Acupuncture and The Menopause
The menopause is the medical term for the time, usually between the ages of 45 and 55, when a woman’s periods end. This happens as a result of a decrease in frequency, and eventual ceasing, of ovulation, and a consequent drop in oestrogen levels. The menopause is therefore characterized by hormonal changes which can trigger some of the following symptoms:
- Hot flushes
- Vaginal symptoms e.g. dryness
- Joint pain
The majority of women in the developed world will experience some of these symptoms, and for one in five they will be marked, with a significant impact on health and well-being.

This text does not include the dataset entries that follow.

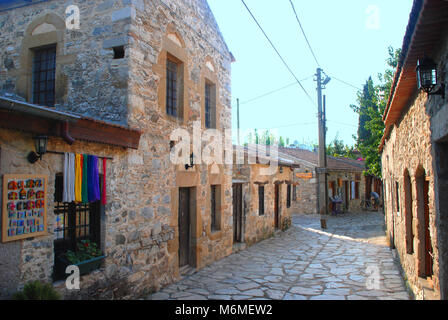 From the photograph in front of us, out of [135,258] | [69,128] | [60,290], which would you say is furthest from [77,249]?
[69,128]

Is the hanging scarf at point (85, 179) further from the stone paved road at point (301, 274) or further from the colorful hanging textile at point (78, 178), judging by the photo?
the stone paved road at point (301, 274)

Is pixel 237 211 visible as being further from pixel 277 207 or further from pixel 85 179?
pixel 85 179

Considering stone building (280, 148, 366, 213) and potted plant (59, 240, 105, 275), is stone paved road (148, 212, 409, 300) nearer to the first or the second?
potted plant (59, 240, 105, 275)

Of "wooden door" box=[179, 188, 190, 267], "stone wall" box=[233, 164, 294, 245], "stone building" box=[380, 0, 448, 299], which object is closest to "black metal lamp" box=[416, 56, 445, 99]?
"stone building" box=[380, 0, 448, 299]

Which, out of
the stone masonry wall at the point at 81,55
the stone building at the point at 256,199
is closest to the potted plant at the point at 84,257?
the stone masonry wall at the point at 81,55

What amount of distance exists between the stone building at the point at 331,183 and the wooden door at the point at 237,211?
28.7ft

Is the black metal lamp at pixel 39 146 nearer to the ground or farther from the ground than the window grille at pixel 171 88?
nearer to the ground

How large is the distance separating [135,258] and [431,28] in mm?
5389

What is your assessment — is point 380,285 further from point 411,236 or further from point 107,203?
point 107,203

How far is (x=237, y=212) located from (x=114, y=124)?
6738mm

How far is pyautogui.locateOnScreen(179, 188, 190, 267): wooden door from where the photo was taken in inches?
318

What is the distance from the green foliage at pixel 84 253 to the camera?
488cm

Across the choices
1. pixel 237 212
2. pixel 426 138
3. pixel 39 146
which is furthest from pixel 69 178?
pixel 237 212

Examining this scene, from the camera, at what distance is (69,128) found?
4.71 m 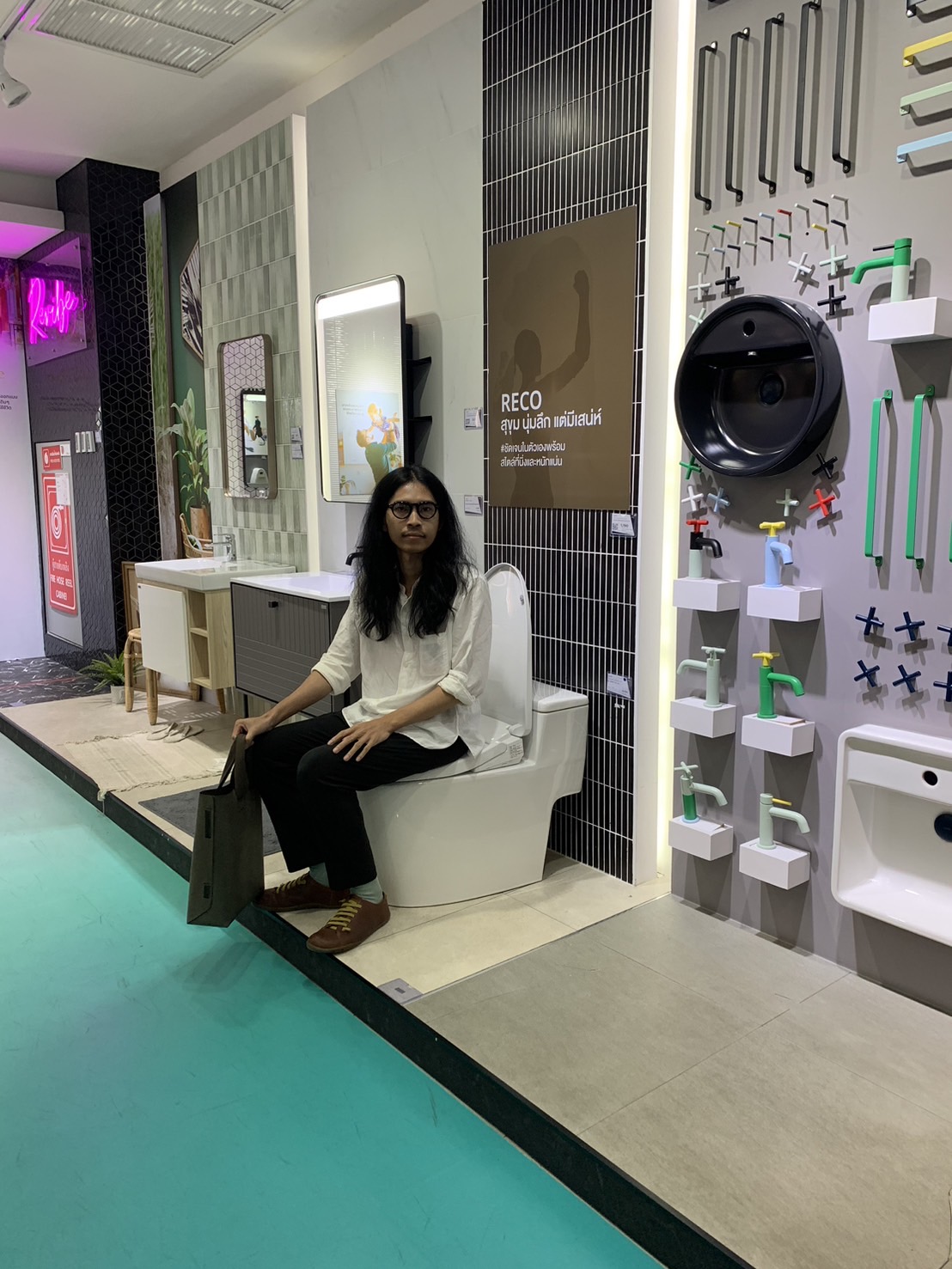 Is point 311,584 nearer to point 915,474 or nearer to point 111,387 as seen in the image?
point 915,474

Another consequence of the hormonal changes can be osteoporosis: the lower levels of oestrogen can lead to bone loss and a consequent risk of fractures.
Menopause and TCM
In TCM, the reproductive system and the bones are both associated with a concentrated form of Qi which is known as Jing or ‘vital essence’. Jing is partly inherited from our parents, and is gradually used up over our life. If we live a healthy and balanced life, we do not consume our Jing too quickly; if, on the other hand, we live a life in which we fail to nourish ourselves properly and push ourselves to work (and play) beyond our natural limits, we use up our Jing too quickly. This may explain why women in the developed world seem to suffer much more from menopausal syndrome than their sisters in the undeveloped world – they are using up their Jing too quickly in the pressured and unbalanced lifestyles which are considered normal in consumer societies.
Chinese Medicine cannot, of course, stop the ageing process, but it can support a woman to go through the transition which is the menopause in a natural and harmonious way. As Jing declines, a woman’s systems temporarily become out of balance. Treatments such as acupuncture, herbal remedies and Chi Kung can help to restore that balance, making the transition smoother and less disruptive.

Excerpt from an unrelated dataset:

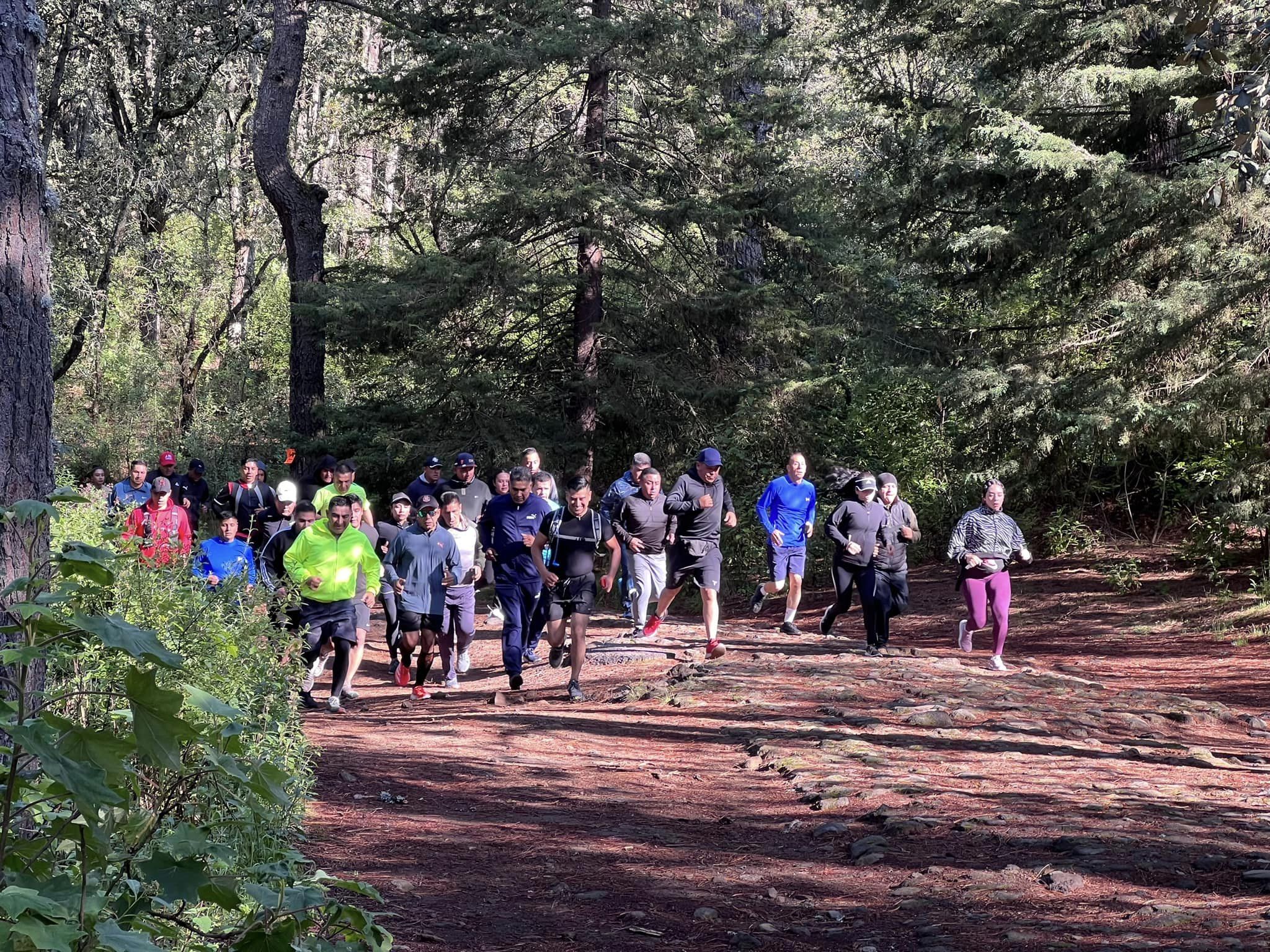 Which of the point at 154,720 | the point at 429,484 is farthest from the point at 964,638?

Beyond this, Chinese Medicine is a holistic treatment which works on the level of the Spirit as well as of the body; it is particularly effective in supporting us through periods of transition in our life when, for example, our role in our family and in society is changing as our body changes.

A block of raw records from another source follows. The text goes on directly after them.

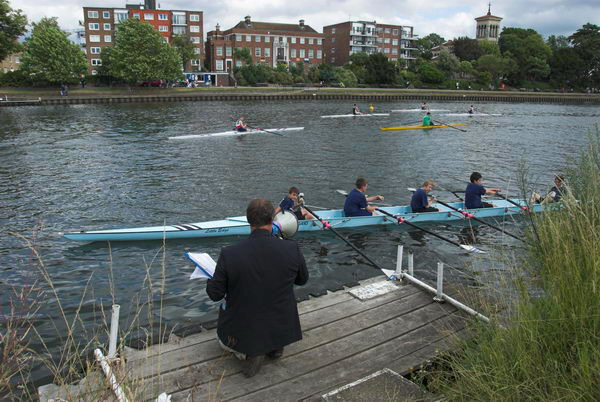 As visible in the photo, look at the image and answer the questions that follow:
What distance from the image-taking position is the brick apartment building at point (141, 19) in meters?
92.8

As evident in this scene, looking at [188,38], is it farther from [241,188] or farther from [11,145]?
[241,188]

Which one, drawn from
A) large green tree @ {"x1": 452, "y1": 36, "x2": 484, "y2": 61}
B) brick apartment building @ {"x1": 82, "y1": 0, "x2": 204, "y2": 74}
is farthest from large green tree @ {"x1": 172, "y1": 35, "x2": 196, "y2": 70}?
large green tree @ {"x1": 452, "y1": 36, "x2": 484, "y2": 61}

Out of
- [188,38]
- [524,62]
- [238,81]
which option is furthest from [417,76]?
[188,38]

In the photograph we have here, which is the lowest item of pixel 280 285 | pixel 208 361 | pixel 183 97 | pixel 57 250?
pixel 57 250

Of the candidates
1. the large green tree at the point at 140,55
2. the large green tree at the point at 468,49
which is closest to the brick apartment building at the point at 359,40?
the large green tree at the point at 468,49

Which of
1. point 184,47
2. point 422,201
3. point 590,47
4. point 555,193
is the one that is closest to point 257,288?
point 555,193

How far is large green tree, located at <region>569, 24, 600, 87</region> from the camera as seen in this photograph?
118 metres

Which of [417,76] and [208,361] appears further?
[417,76]

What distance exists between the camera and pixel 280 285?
509cm

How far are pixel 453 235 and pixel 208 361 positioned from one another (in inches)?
428

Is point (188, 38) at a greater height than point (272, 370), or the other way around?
point (188, 38)

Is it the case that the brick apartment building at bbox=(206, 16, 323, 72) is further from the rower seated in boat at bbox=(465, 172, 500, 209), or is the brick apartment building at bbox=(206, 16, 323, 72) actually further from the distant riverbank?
the rower seated in boat at bbox=(465, 172, 500, 209)

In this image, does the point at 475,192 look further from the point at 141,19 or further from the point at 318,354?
the point at 141,19

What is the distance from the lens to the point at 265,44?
349 feet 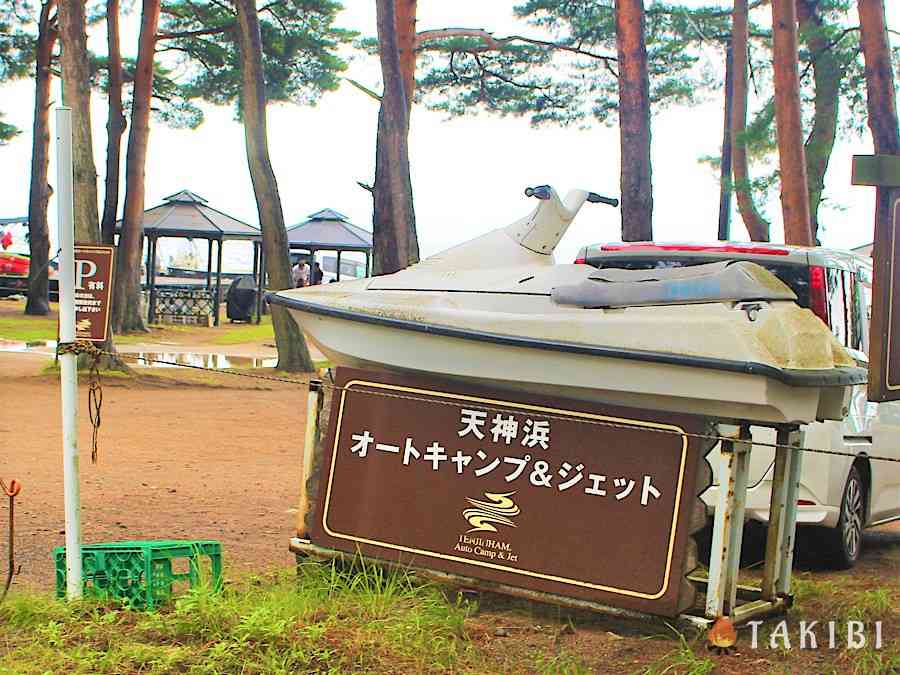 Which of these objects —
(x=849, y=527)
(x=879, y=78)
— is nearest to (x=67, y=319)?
(x=849, y=527)

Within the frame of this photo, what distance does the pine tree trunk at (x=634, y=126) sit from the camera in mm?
16938

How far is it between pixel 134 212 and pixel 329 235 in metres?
10.0

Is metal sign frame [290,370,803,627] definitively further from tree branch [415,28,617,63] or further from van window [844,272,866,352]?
tree branch [415,28,617,63]

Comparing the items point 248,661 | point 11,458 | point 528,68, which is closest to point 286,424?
point 11,458

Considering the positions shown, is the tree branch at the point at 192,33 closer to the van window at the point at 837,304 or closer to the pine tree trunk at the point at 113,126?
the pine tree trunk at the point at 113,126

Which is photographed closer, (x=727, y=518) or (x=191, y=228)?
(x=727, y=518)

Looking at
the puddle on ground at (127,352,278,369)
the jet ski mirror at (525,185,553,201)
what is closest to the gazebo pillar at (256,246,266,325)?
the puddle on ground at (127,352,278,369)

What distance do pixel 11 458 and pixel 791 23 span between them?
1370 centimetres

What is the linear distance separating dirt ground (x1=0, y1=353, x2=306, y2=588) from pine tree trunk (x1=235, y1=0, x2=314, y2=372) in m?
2.48

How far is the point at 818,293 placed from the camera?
22.5 feet

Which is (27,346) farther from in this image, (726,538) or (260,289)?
(726,538)

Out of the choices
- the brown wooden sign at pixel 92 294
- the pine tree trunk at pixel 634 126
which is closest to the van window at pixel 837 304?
the brown wooden sign at pixel 92 294

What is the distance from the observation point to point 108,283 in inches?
278

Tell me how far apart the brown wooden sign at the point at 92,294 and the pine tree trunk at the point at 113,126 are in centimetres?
2266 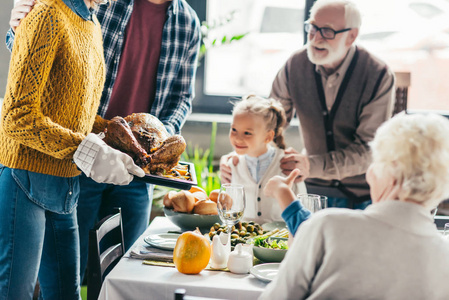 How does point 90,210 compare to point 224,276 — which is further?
point 90,210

Is Acupuncture Helpful in the treatment of Menopause?
Significant evidence has been accumulated in China over the years which suggests that appropriate acupuncture treatment during the menopause increases oestrogen levels, which may account for its success in treating menopausal symptoms. Similarly, Chinese trials suggest such treatment promotes bone function and decreases the loss of bone mass, thus combating osteoporosis.
Several smaller scale trials in the West, for example 1Cohen et al (2003) also suggest the effectiveness of acupuncture in treating menopause.
A Danish study 2Lund KS, et al (2019) concluded: The standardised and brief acupuncture treatment produced a fast and clinically relevant reduction in moderate-to-severe menopausal symptoms during the six-week intervention. No severe adverse effects were reported.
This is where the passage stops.